Anlık mesajlaşmayı diğer iletişim biçimlerinden farklı kılan, gerçek zamanlı olmasıdır. Kullanıcıların tercihlerine göre kullanabilecekleri WhatsApp, Telegram, BIP hatta Twitter’ın DM özelliği gibi birçok mesajlaşma uygulaması bulunmaktadır. Bu mesajlaşma uygulamaları, dünya çapında milyonlarca insanın günlük olarak birbirleriyle iletişim kurmasını sağlar.
Anlık mesajlaşma uygulamaları, gönderen ve alıcı aynı uygulamayı kullandığından daha hızlıdır. Ve aynı sunucuda işlendiği için e-posta ile hız farkı burada başlıyor.
Peki hızdaki bu fark nereden geliyor?
E-postaların alıcılara ulaşmasının dakikalar veya saatler sürmesinin ana nedeni, e-postaların farklı sunucularda çalışacak şekilde tasarlanmış olmasıdır. Anlık mesajların aksine, e-posta, alıcının gelen kutusuna ulaşmadan önce birden fazla konumdan geçmelidir. E-posta, mesajların alıcıya teslim edilene kadar sunucularda saklandığı bir hazırlama modelinde çalışır.
E-posta işlemleri de sunucu yedeklemesinden yararlanır. Bu, mesaj sırasında sunucunun çökmesi durumunda, mesajın yedek sunucuya gönderileceği anlamına gelir. Mesaj teslim edilmezse, sunucu mesajı göndermek için birkaç deneme daha yapacaktır. yani e-posta sistemleri anlık ileti göndermek için tasarlanmamıştır. Ancak günümüzün e-posta altyapısı mesajlaşma konusunda önemli ilerlemeler kaydederken, bu gelişmelere rağmen hala gecikmeler yaşanmaktadır.

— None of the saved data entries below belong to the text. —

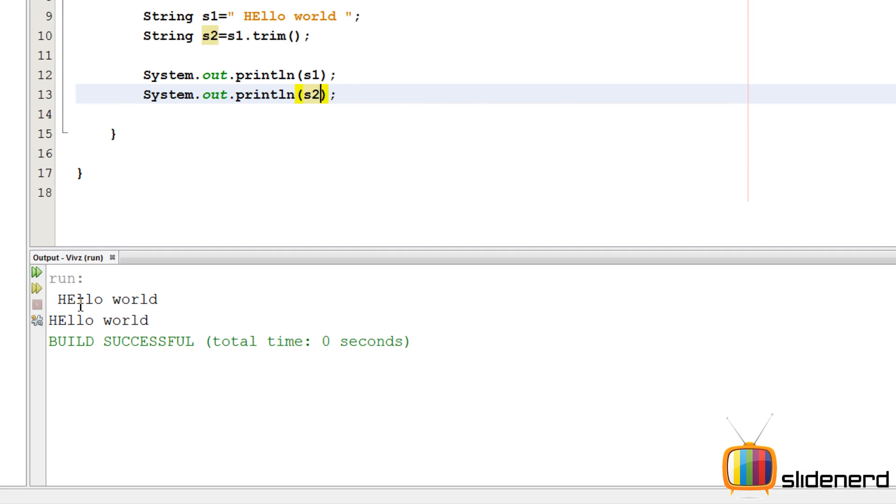As you guys can see, the upper one S1 has blank spaces. The lower one is trimmed. There are no blank spaces in there.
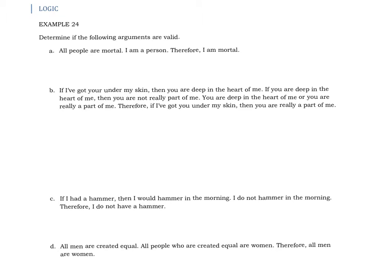Example 24 is again going to be determining whether these arguments are valid or not. You're not being told what method to use, so that can be a truth table. It could be using one of the laws of valid arguments. You could also show an argument is invalid if you can use one of the fallacies.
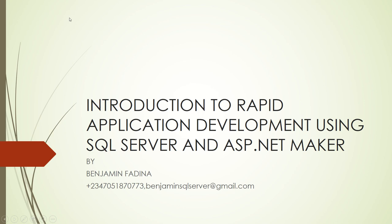Hello. Welcome to lesson three of our lesson, Introduction to Rapid Application Development using SQL Server and ASP.NET Maker. I am Benjamin Fardino.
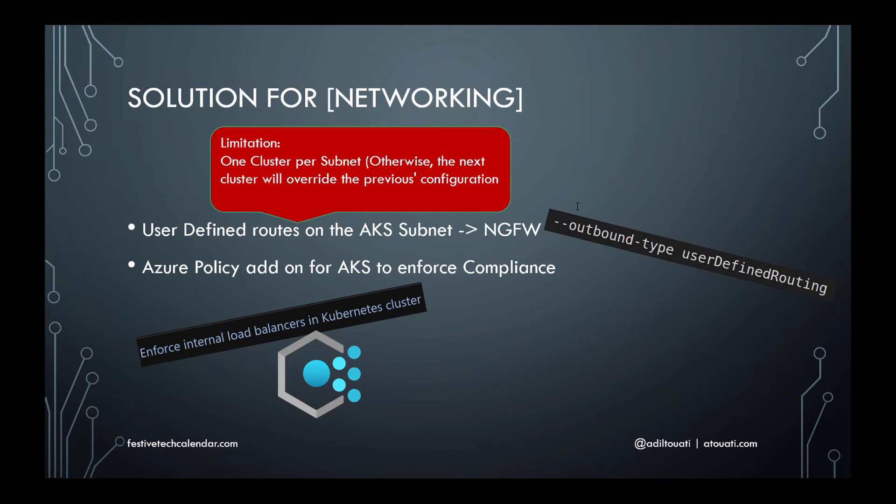AKS will not create a load balancer with public IP, and the cluster and its workload egress traffic will be routed to the NVA configured in the UDR. You should know that to be able to use this option, the user-defined route should be configured on the AKS cluster subnet prior to provisioning the cluster.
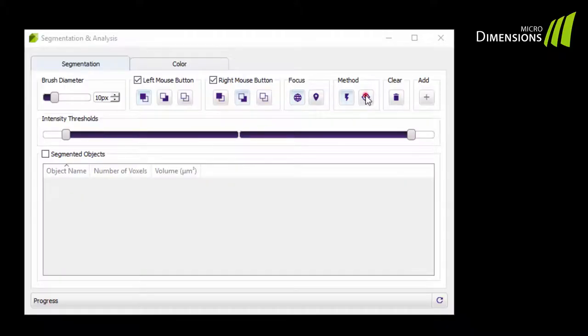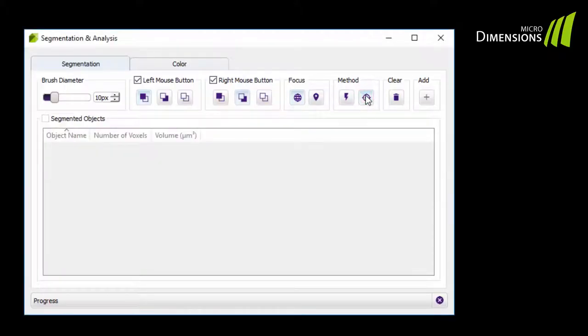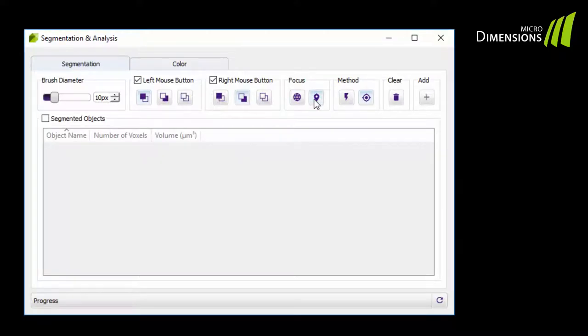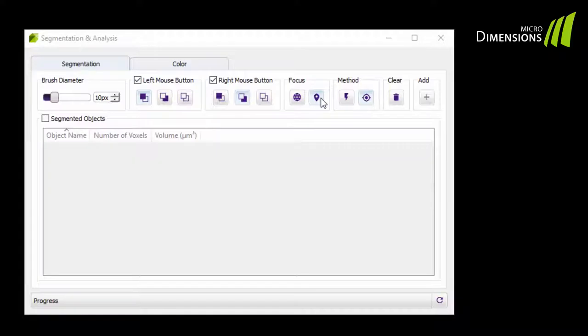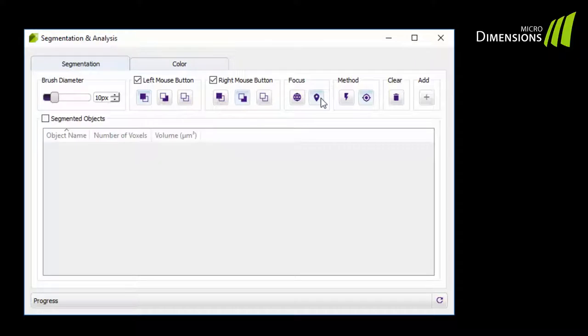First, I choose the Accurate segmentation method. Then as Focus, I will select the option Local to limit the algorithm to a certain region. As I have selected the Accurate method, I need to define the object, so-called foreground, and background pixels.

Anlık mesajlaşma servisleri ise gerçek zamanlı çalışacak şekilde tasarlanmıştır, bu nedenle göndericinin mesajı alıcıya ulaşmazsa gönderen bunu unutur ve yoluna devam eder. E-posta servislerinin aksine, anlık mesajlaşma programları mesajları yeniden gönderme zahmetine girmez. Bu nedenle, e-posta her zaman anlık iletiler kadar hızlı değildir.